Теперь было не до иронии и пародии — приходилось рассчитывать по крайней мере на великодушие Каткова, который не станет поминать старое и протянет руку помощи литературному собрату, потерявшему свой журнал и вынужденному снова обивать пороги чужих редакций в поисках авансов и кредитов под ненаписанное сочинение. Нужно было, набравшись терпения, почти умолять: «Находясь в таком невыносимом положении, покорнейше прошу Вас обратить внимание Ваше на нижеследующие и убедительнейшие просьбы мои: Я искренне желаю сотрудничать в „Русском вестнике”». Нужно было привыкать к странным правилам «Русского вестника» — прислав в ответ на первое письмо Достоевского запрашиваемые триста рублей, редактор не соблаговолил приписать хотя бы несколько слов, которых автор, рассказавший о своем замысле столь подробно, вправе был ожидать. Оставалось только смириться с высокомерной манерой высылки денег без сопроводительного письма — будто это милостыня или благотворительность, и догадываться, исходя из суммы и скорости ее получения, о степени расположения к нему редакции.
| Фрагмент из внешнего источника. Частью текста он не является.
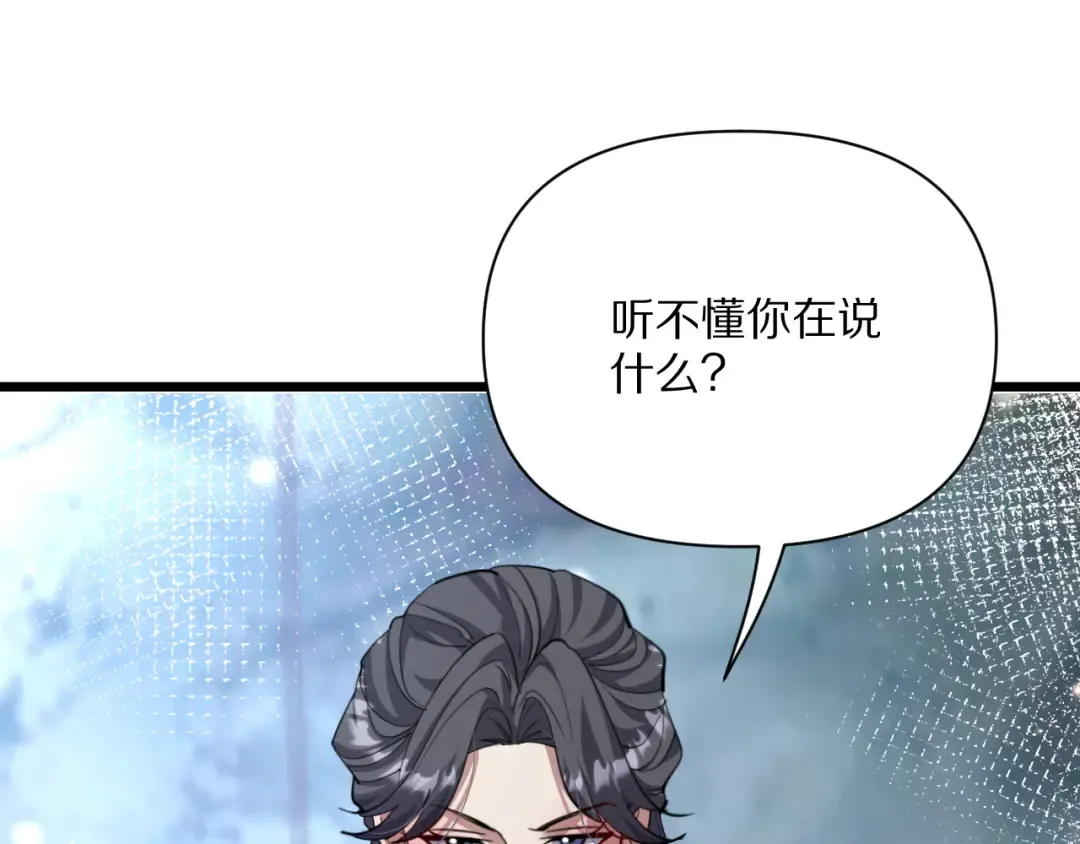 第226话  第134页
И все же в словах Достоевского сквозил упрек: «Получив… 300 руб. в октябре месяце, я счел себя вправе считать, что дело о напечатании моего романа в «Русском вестнике» вполне решено… Но занятый моей работой, я уже не искал никакой другой, а так как я совсем не имею денег и никого теперь, у кого бы я мог занять, для поддержанья меня во время работы, то и впал теперь в совершенную нищету… Все письма мои в редакцию… секретарю Вашему, о высылке мне сколько- нибудь денег, для поддержания меня, я не получил еще даже никакого ответа. Мало того: не знаю, когда будет напечатан мой роман, и наконец, будет ли еще он напечатан у Вас?.. Прошу Вас: если роман мой Вам не нравится или Вы раздумали печатать его — то пришлите мне его обратно… Из уважения к самому себе Вы, веро — ятно, не захотите заставить страдать мое человеческое достоинство и меня не оставите без ответа».